- _Task requirements_: The answer is an exact repetition of every entry, with all images left out.

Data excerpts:
■ ■ ■

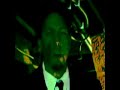 Ghost Stories, Mister Diablo - "Captain Howdy" part 2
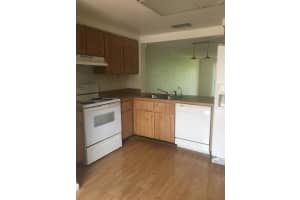 MLS# F10179154, Sunrise, Florida 33351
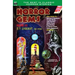 Horror Gems, Volume Six, H. P. Lovecraft and Others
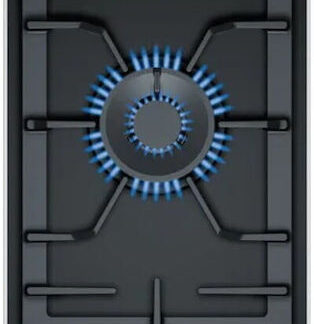 BOSCH gas hob POH6B6K30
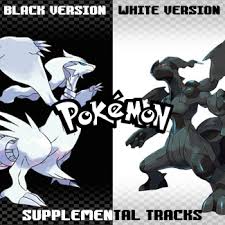 Black And White Elite Four Theme Pokemon Black And White Mp3 Download Pokemon Black And White Soundtracks For Free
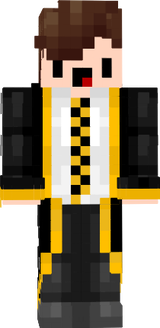 Huffle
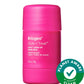 Style + Treat Hair Styling Briogeo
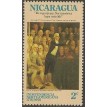 NICARÁGUA SL-1975/0979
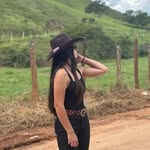 May - @ma.y_mariano - Instagram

■ ■ ■

- _Output_:
 Ghost Stories, Mister Diablo - "Captain Howdy" part 2
 MLS# F10179154, Sunrise, Florida 33351
 Horror Gems, Volume Six, H. P. Lovecraft and Others
 BOSCH gas hob POH6B6K30
 Black And White Elite Four Theme Pokemon Black And White Mp3 Download Pokemon Black And White Soundtracks For Free
 Huffle
 Style + Treat Hair Styling Briogeo
 NICARÁGUA SL-1975/0979
 May - @ma.y_mariano - Instagram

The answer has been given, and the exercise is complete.